Latest available figures from a study published in 2019 by the US-based International Diabetes Federation show that globally around 463 million adults, aged 20 years and above were living with diabetes, and that over 4.2 million deaths in 2019 were attributable to diabetes.
The dollar-cost of health expenditure to treat diabetes in 2019 stood at over US$760 billion. With nearly 80 percent of diabetic patients now living in low- and middle-income nations, where expenditure on healthcare is generally low, the incidence of diabetes is set to increase in the coming years. Moreover, with 1 in 2 people with diabetes remaining undiagnosed, the number of diabetic patients is expected to soar to 700 million by 2045.
Diabetes develops when the body is no longer able to regulate the levels of glucose in the blood. Over a period of time, this inability can lead to a wide range of life-changing complications, including vision loss, kidney damage, stroke, and heart disease.
In healthy individuals, the concentration of glucose in the blood is maintained at optimum levels through the opposing effects of two hormones, insulin and glucagon.

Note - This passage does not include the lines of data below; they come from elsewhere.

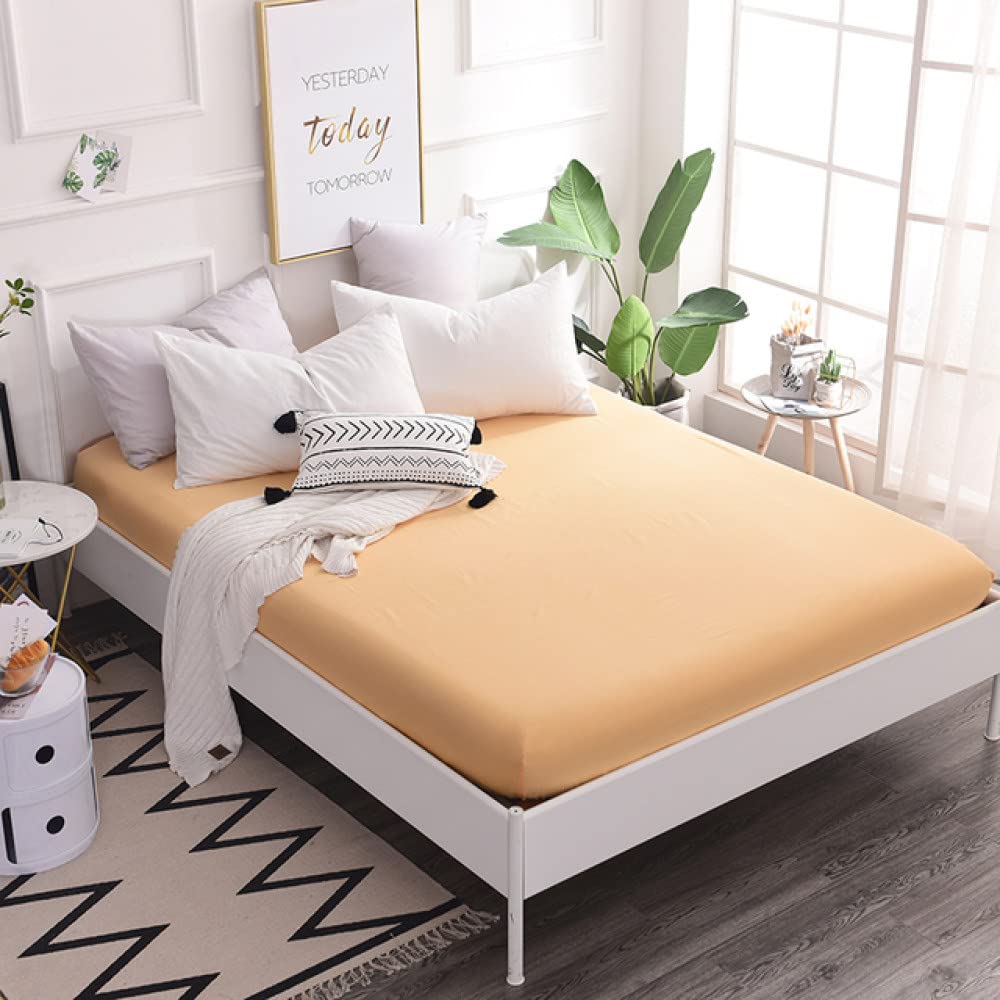 Drap-housse en coton élastique 90x200 pour protège-matelas une place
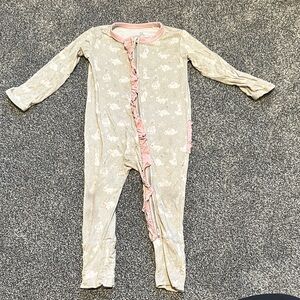 Pink and Gray Kids One Piece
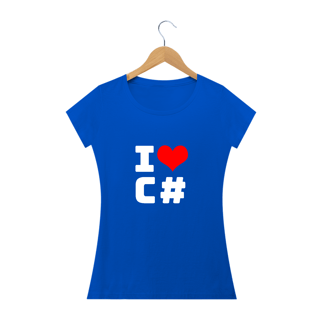 Nome do produto babylook i love c# - preta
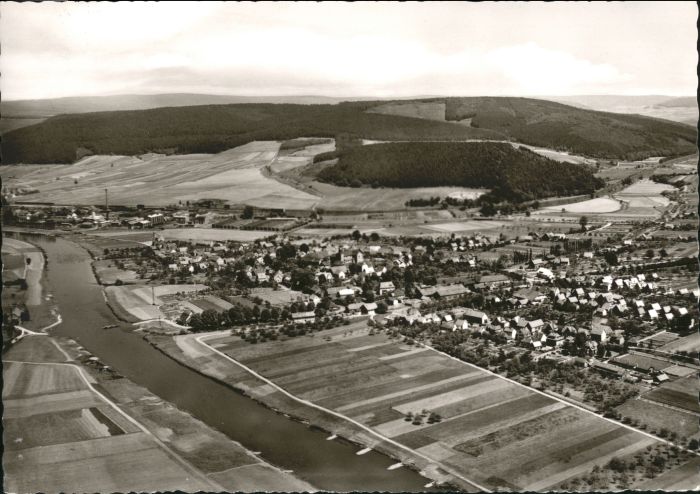 Lippoldsberg Fliegeraufnahme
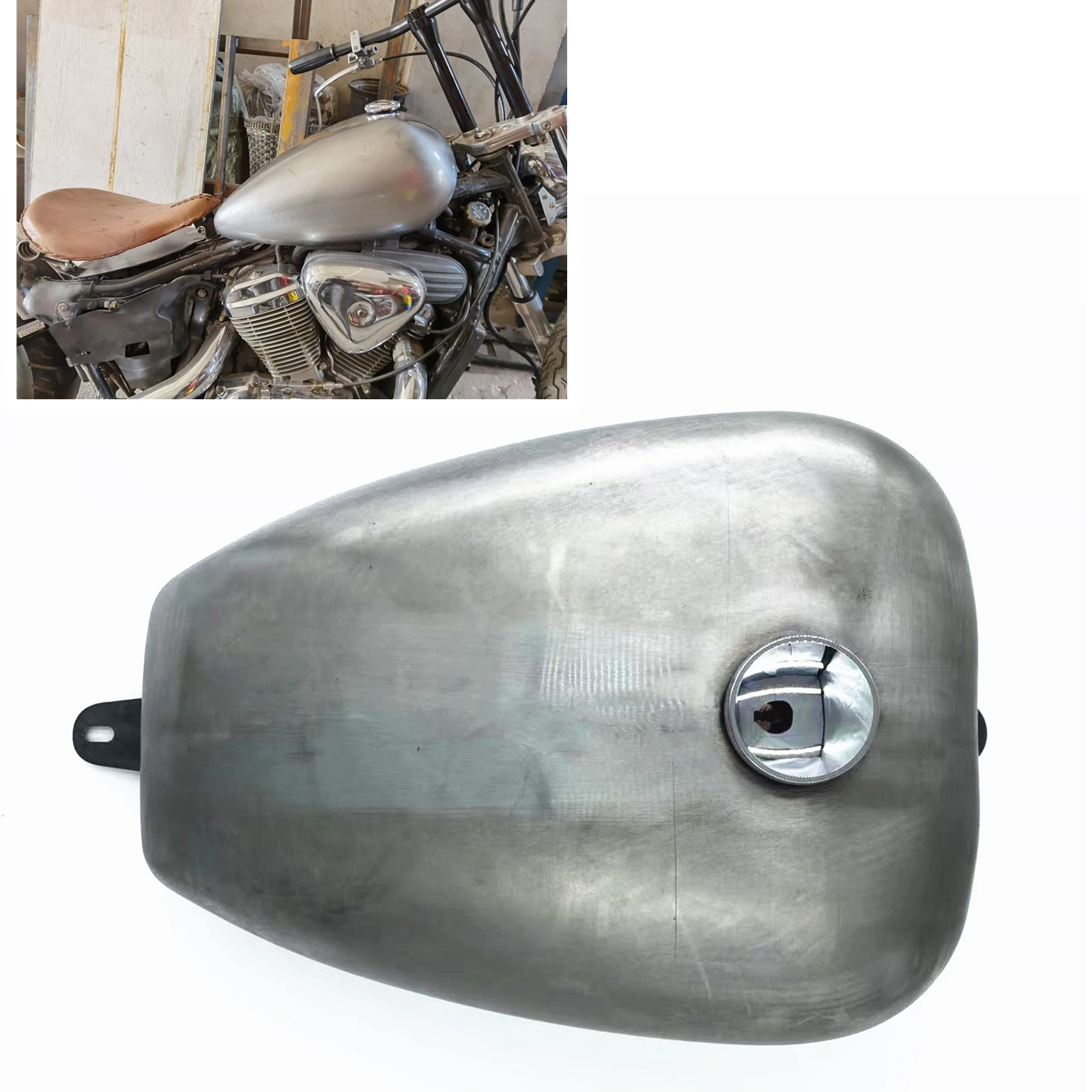 17L Motocyklowy Zbiornik Paliwa Benzynowego, Modyfikowany, Ręcznie Robiony, Kanister na Olej z Korkiem do HONDA Steed 400 600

Two types of cells in the pancreas are mainly involved in regulating the mechanism of maintaining blood glucose levels. Alpha cells in the pancreas produce glucagon, which increases the amount of glucose that the liver releases into the bloodstream. Beta cells in the pancreas produce insulin, which stimulates cells around the body to extract glucose from the bloodstream.
In type 1 diabetes, the immune system targets beta cells, reducing insulin production. By contrast, in type 2 diabetes, cells around the body become resistant to the effects of insulin. Beta cells respond by producing more and more of the hormone and eventually die.

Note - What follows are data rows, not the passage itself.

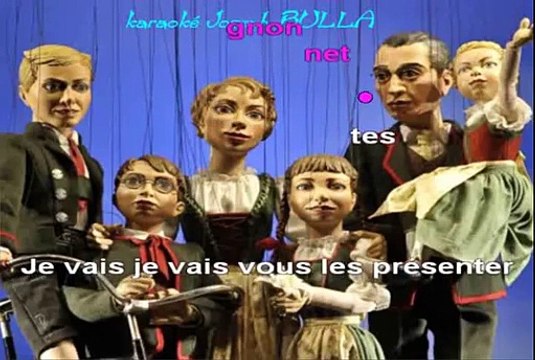 Christophe Les marionnettes karaoké Joseph BULLA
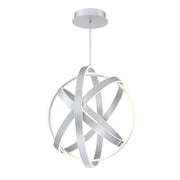 Kinetic 4-Light Pendant in Titanium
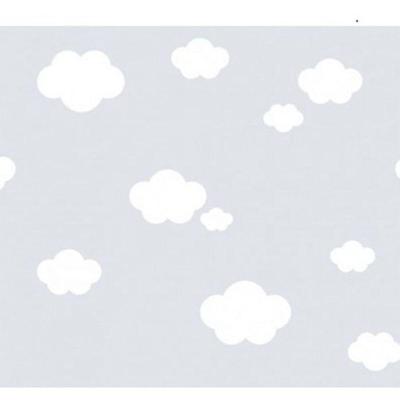 Papel De Parede Treboli Cinza Nuvens 5873 - Rolo 10m X 0,53m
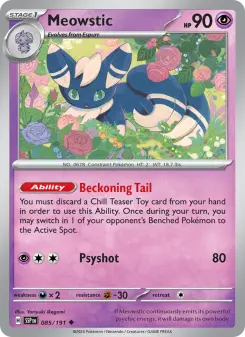Meowstic card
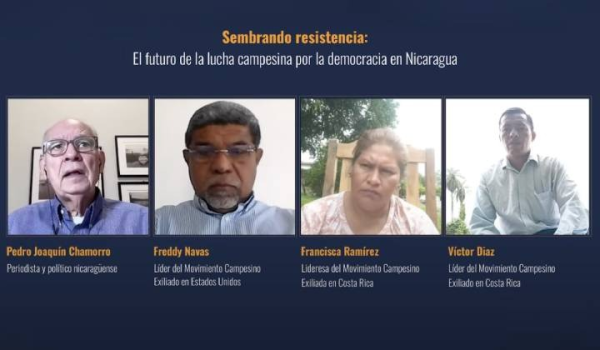 Líderes campesinos reafirman su lucha por la soberanía y la democratización de Nicaragua 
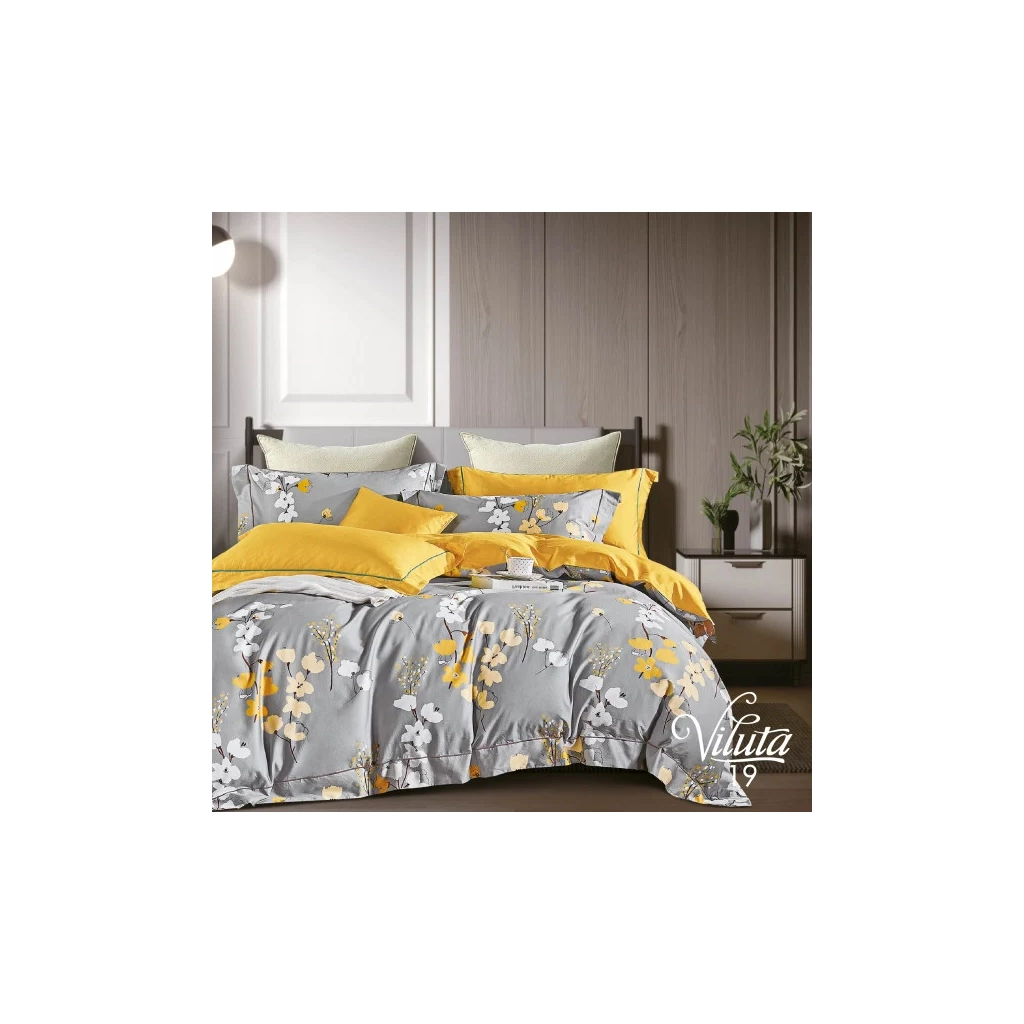 Постільна білизна Viluta Сатин Єгипетська бавовна 19 євро (19_EB_ev) - зображення 1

Previous studies conducted on mice had shown that a synthetic, or ‘monoclonal’ antibody that blocks glucagon reception in the membranes of liver cells could restore normal blood glucose levels.

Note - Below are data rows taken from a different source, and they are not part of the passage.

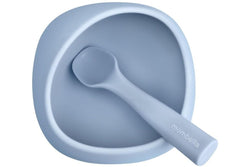 Mombella: Silicone Suction Bowl - Light Blue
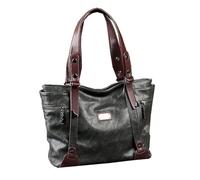 QianYiHC Women Tote Handbags, Retro Soft Leather Hobo Purses, Fashion Crossbody Large Shoulder Bags With Adjustable Strap, For School Work Travel Shopping, Gift For Girl (Green)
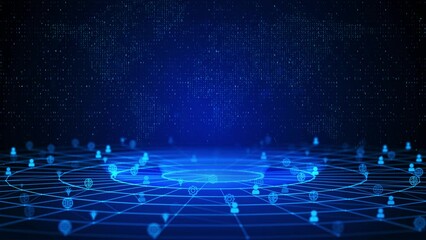 Technical Support Text Future Digital Technology Ai Cyber Space deep learning Loop Background. Technical support. Customer help. Tech support. Customer service, Business and technology. - Powered by Adobe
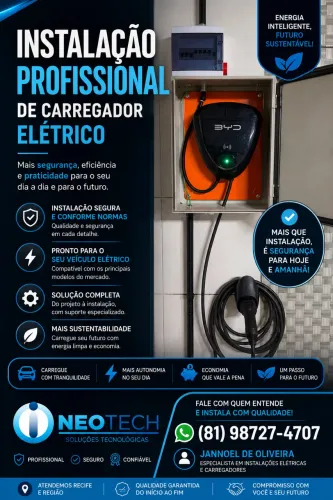 Instalador de carregador pra carros elétricos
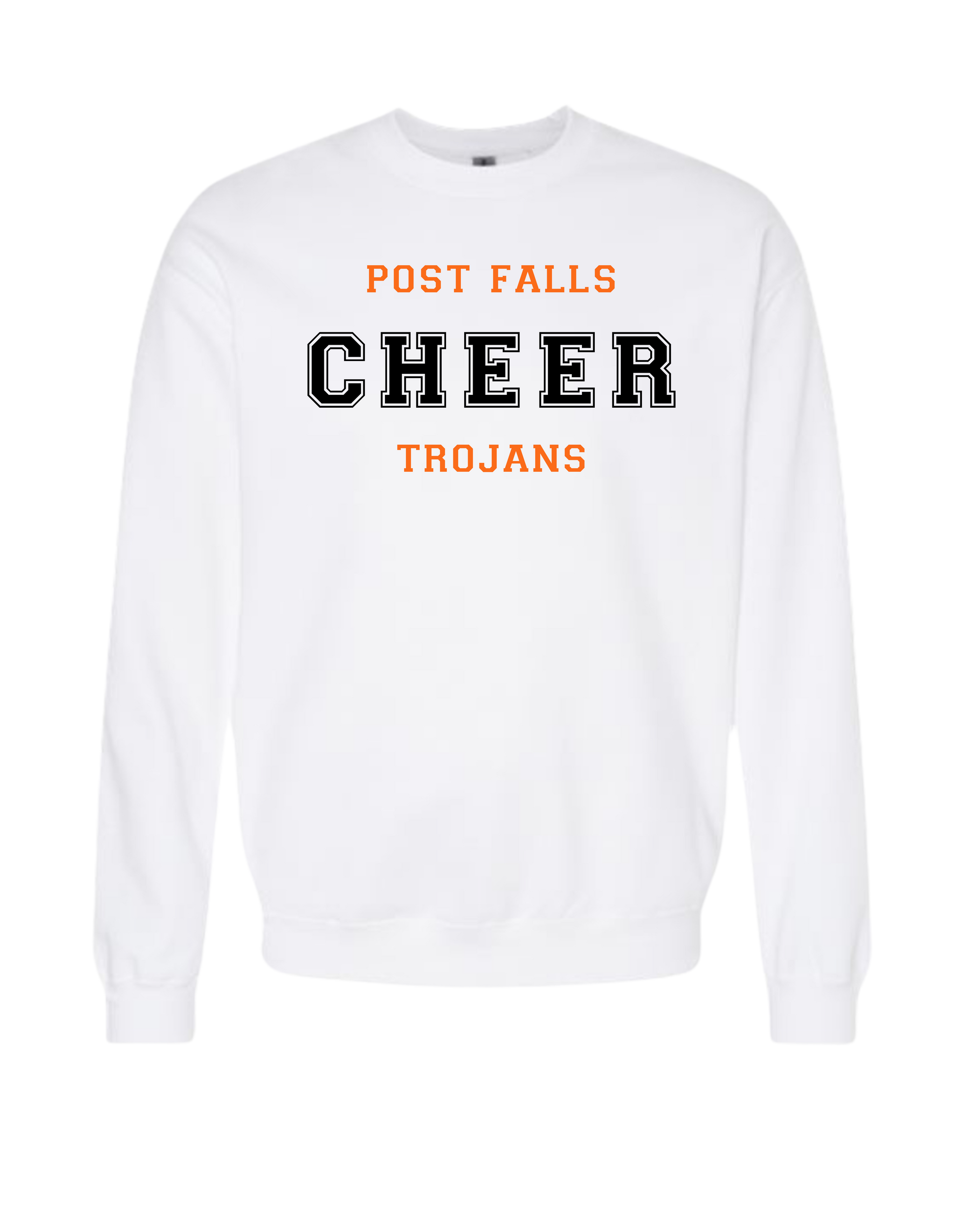 Post Falls Cheer 2 Crewneck - Adult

Now, researchers at the University of Texas in the US have discovered that blocking glucagon receptors has the indirect effect of transforming alpha cells in the pancreas into beta cells. The newly created beta cells were also found to produce insulin, which helps lower levels of glucose circulating in the blood.
Rather than rely on insulin injections to regulate glucose level, as most diabetic people currently do, giving them back their own beta cells would greatly improve the glucose regulation and quality of life for these people.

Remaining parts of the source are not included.